Omitting the pictures, restate all of the entries below exactly.

Short text fragments from websites:
- - - - - - -

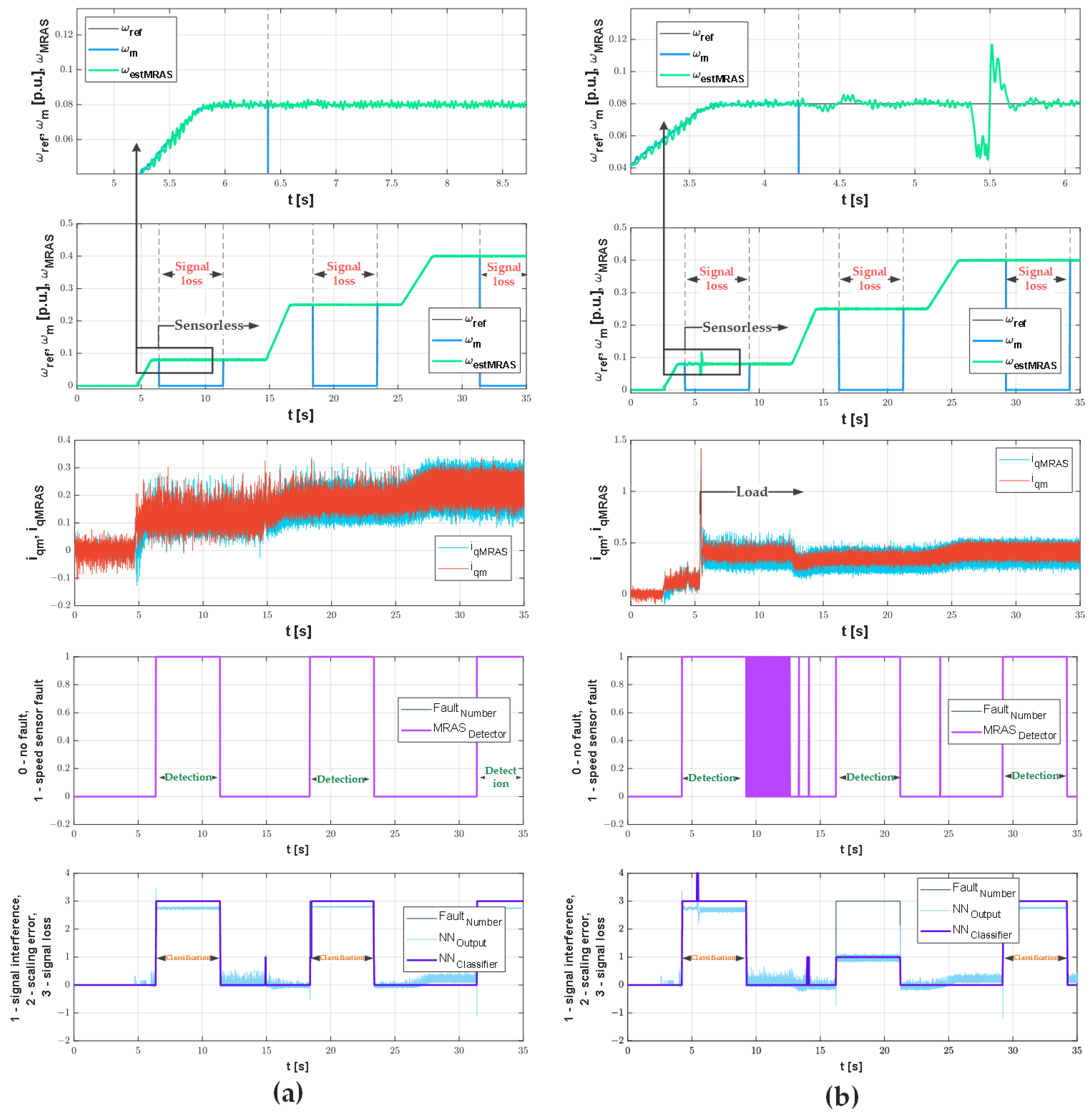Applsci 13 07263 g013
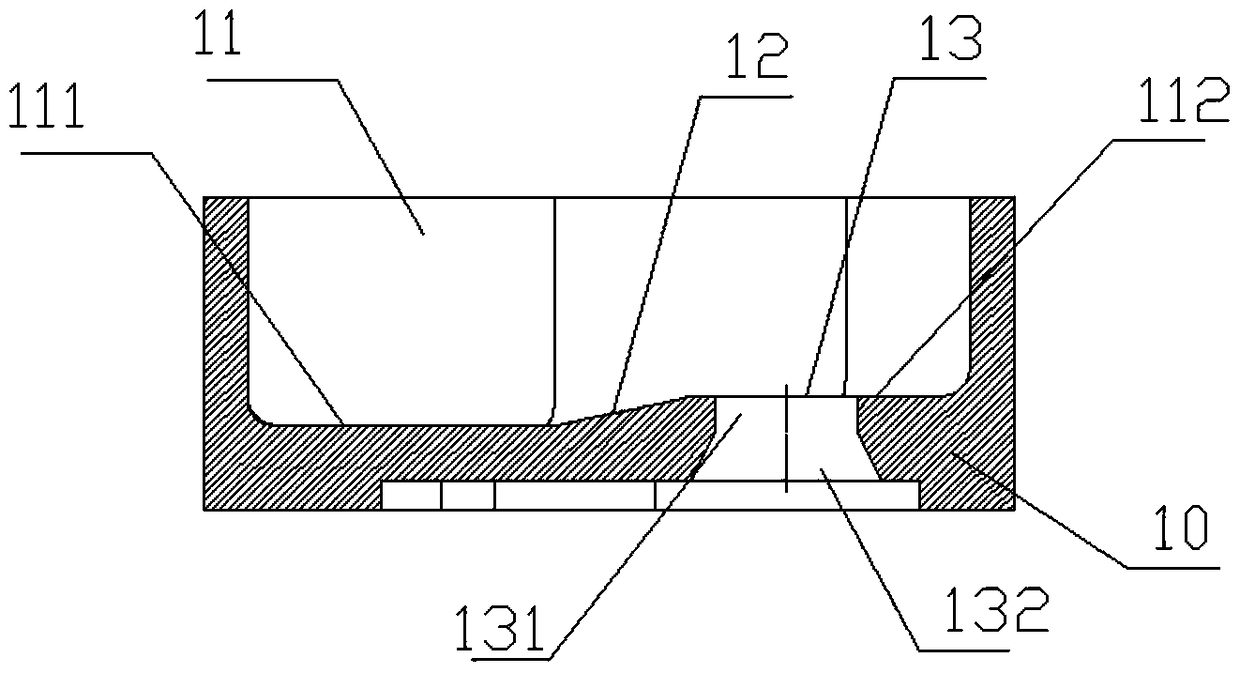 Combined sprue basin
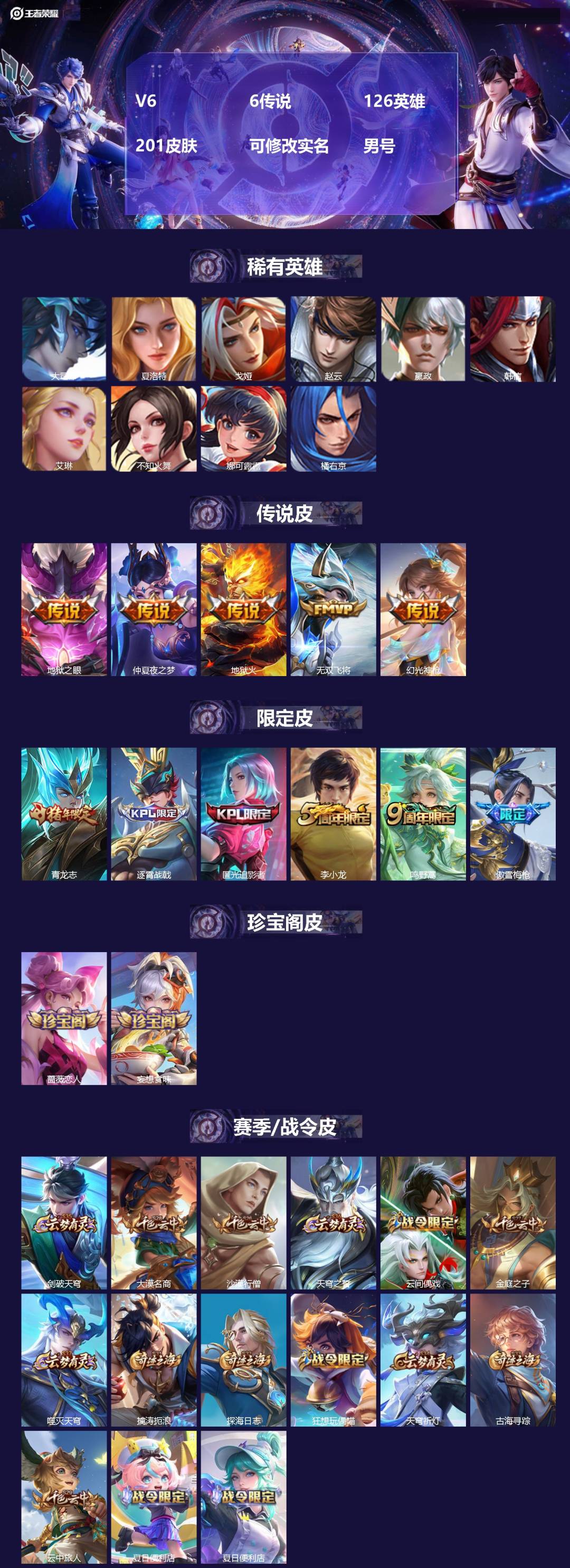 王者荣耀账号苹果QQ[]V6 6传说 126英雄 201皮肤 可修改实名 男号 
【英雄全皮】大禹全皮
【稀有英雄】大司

- - - - - - -

_Written response_.
Applsci 13 07263 g013
 Combined sprue basin
 王者荣耀账号苹果QQ[]V6 6传说 126英雄 201皮肤 可修改实名 男号 
【英雄全皮】大禹全皮
【稀有英雄】大司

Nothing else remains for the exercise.